This is not the Credit You’re Looking for: Why Jedi Mind Tricks Won’t Work for ISAs

This blog is part of an SBPC report series about using consumer financial law to protect borrowers of Income Share Agreements, emerging and risky higher education financing products that require students to pledge a portion of their future income in exchange for money to pay for college or certain non-degree programs. More information on ISAs can be found here. Information on the upcoming SBPC virtual conference on ISAs can be found here.

This is not the Credit You’re Looking for:

Why Jedi Mind Tricks Won’t Work for ISAs

By Joanna Pearl and Brian Shearer | July 21, 2020

Lenders offering Income Share Agreements (ISAs) claim they have found the perfect loophole to sidestep federal law. They argue that ISAs are “not credit,” and therefore federal consumer financial laws don’t apply. These companies have bet their business on this assumption, accruing massive liability if they are wrong.

Our report, published today, shows this is a losing bet. We analyzed the federal laws that protect consumers in “credit” transactions and determined that they all apply to ISAs. These laws—the Equal Credit Opportunity Act (ECOA), the Fair Credit Reporting Act (FCRA), the Fair Debt Collection Practices Act (FDCPA), the Truth in Lending Act (TILA), and the Consumer Financial Protection Act of 2010 (CFPA)—prohibit discrimination in lending; govern accuracy and fairness in credit reporting; set rules for third-party debt collection; require lending disclosures; and proscribe unfair, deceptive, and abusive acts and practices in consumer financial transactions.

Simply put, ISAs are agreements through which student borrowers get money, in exchange for a promise to repay that money in the future. That is an extension of credit, and no technicality can change it. It does not matter that borrowers could theoretically pay $0, that there is no articulated interest rate, or that the monthly payment isn’t fixed. These features appear in other credit products too, such as student loans, credit cards, variable-interest loans, and payday loans. They don’t make ISAs special or immune to existing laws.

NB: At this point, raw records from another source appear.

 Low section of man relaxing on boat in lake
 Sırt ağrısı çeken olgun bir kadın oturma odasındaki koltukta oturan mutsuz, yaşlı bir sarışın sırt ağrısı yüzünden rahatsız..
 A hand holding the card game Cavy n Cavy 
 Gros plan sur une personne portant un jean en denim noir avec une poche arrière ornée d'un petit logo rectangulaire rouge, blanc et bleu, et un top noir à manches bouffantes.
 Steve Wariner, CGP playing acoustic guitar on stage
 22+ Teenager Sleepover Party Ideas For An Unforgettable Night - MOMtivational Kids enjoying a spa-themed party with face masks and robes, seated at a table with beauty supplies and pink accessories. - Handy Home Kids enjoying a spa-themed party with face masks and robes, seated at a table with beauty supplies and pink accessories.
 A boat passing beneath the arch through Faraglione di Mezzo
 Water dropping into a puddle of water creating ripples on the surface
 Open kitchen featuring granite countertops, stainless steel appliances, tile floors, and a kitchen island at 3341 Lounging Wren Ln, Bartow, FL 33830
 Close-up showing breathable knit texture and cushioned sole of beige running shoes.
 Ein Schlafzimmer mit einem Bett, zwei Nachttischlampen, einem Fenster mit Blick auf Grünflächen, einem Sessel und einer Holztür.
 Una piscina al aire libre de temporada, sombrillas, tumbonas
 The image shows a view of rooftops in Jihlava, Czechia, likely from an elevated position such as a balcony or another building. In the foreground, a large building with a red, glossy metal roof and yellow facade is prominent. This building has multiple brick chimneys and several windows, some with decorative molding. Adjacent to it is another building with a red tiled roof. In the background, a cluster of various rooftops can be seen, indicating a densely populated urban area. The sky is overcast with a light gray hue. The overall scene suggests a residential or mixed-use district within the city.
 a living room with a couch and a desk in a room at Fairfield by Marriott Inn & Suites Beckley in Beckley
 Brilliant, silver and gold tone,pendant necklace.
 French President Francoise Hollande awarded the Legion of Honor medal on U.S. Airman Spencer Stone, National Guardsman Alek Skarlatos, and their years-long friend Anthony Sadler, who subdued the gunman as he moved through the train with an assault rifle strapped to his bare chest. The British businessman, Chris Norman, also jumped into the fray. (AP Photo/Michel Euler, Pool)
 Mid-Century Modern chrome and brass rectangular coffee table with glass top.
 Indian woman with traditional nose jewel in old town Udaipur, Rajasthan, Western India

The new report, Credit by any Other Name, can be found here: https://protectborrowers.org/credit-by-any-other-name-how-federal-consumer-financial-law-governs-income-share-agreements/

As we explain, federal consumer financial law clearly applies to ISAs, and the consequences are significant. ISAs have not yet been subject to enforcement action and regulation by state and federal authorities, but that is not because ISA lenders have found the perfect work-around for federal law. As ISAs grow in prevalence and the student debt crisis deepens amid economic recession, more student borrowers will be at risk. ISAs are unlikely to escape scrutiny.

If ISA lenders continue to assert that the law doesn’t apply to them, student borrowers will continue to be at risk. If they continue to issue credit without TILA disclosures, impose prepayment penalties proscribed by TILA, engage in potentially discriminatory lending practices, and make misleading advertising claims, government enforcers should crack down with all available remedies—including rescission of contracts and restitution—and civil money penalties of up to $5,883 to $1,176,638 per day.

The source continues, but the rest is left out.